How much deposit do I need for a home loan from ANZ?

Like other mortgage lenders, ANZ often prefers a home loan deposit of 20 per cent or more of the property value when you’re applying for a home loan. It may be possible to get a home loan with a smaller deposit of 10 per cent or even 5 per cent, but there are a few reasons to consider saving a larger deposit if possible:

  • A larger deposit tells a lender that you’re a great saver, which could help increase the chances of your home loan application getting approved.
  • The more money you pay as a deposit, the less you’ll have to borrow in your home loan. This could mean paying off your loan sooner, and being charged less total interest.
  • If your deposit is less than 20 per cent of the property value, you might incur additional costs, such as Lenders Mortgage Insurance (LMI).

What is a variable home loan?

A variable rate home loan is one where the interest rate can and will change over the course of your loan. The rate is determined by your lender, not the Reserve Bank of Australia, so while the cash rate might go down, your bank may decide not to follow suit, although they do broadly follow market conditions. One of the upsides of variable rates is that they are typically more flexible than their fixed rate counterparts which means that a lot of these products will let you make extra repayments and offer features such as offset accounts.

How do I apply for Westpac’s first home buyer loan?

If you’re a first home buyer looking to apply for a home loan with Westpac, they offer an online home loan application. They suggest the application can be completed in about 20 minutes. Based on the information you provide, Westpac will advise you the amount you can borrow and the costs associated with any possible home loan. 

You can use Westpac’s online mortgage calculators to estimate your borrowing power. You can also work out the time it might take to save up for the deposit, and the size of your home loan repayments

When applying for a home loan with Westpac, you’re assigned a home finance manager who can address your concerns and provide information. The manager will also offer guidance on any government grants you may be eligible for. 

Who offers 40 year mortgages?

Home loans spanning 40 years are offered by select lenders, though the loan period is much longer than a standard 30-year home loan. You're more likely to find a maximum of 35 years, such as is the case with Teacher’s Mutual Bank

Currently, 40 year home loan lenders in Australia include AlphaBeta Money, BCU, G&C Mutual Bank, Pepper, and Sydney Mutual Bank.

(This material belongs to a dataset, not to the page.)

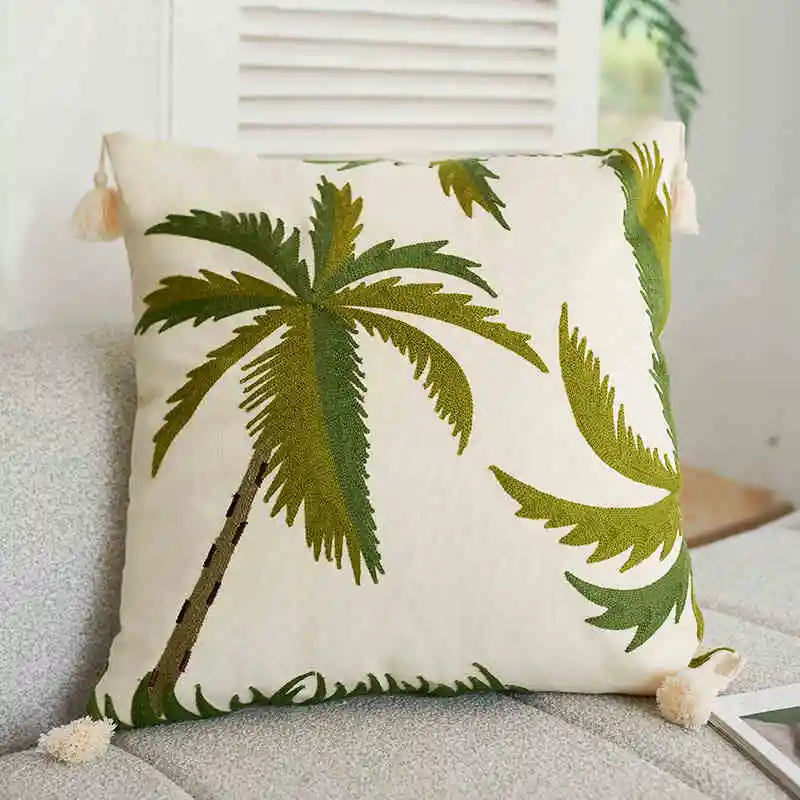Pillow with palm tree design on a couch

Even though these lengthier loans 35 to 40 year loans do exist on the market, they are not overwhelmingly popular, as the extra interest you pay compared to a 30-year loan can be over $100,000 or more.

When do mortgage payments start after settlement?

Generally speaking, your first mortgage payment falls due one month after the settlement date. However, this may vary based on your mortgage terms. You can check the exact date by contacting your lender.

Usually your settlement agent will meet the seller’s representatives to exchange documents at an agreed place and time. The balance purchase price is paid to the seller. The lender will register a mortgage against your title and give you the funds to purchase the new home.

Once the settlement process is complete, the lender allows you to draw down the loan. The loan amount is debited from your loan account. As soon as the settlement paperwork is sorted, you can collect the keys to your new home and work your way through the moving-in checklist.

What are the benefits of getting a pre-approved home loan from Citibank?

While hunting for your dream home, getting a Citibank home loan pre-approval can have multiple benefits, which include:

  • You'll have an idea on your personal price range, which can save time to find your home.
  • With a pre-approved home loan, you may find yourself with more financial control to better decide how much you can spend.
  • A Citibank pre-approved home loan is a commitment  by a lender that signals you're ready to jump into the property market.

You can apply for pre-approval by providing basic details, such as name, email, and phone number on the bank’s website. Alternatively, you can contact the bank on 1300 361 922 or find a home lending officer on the website.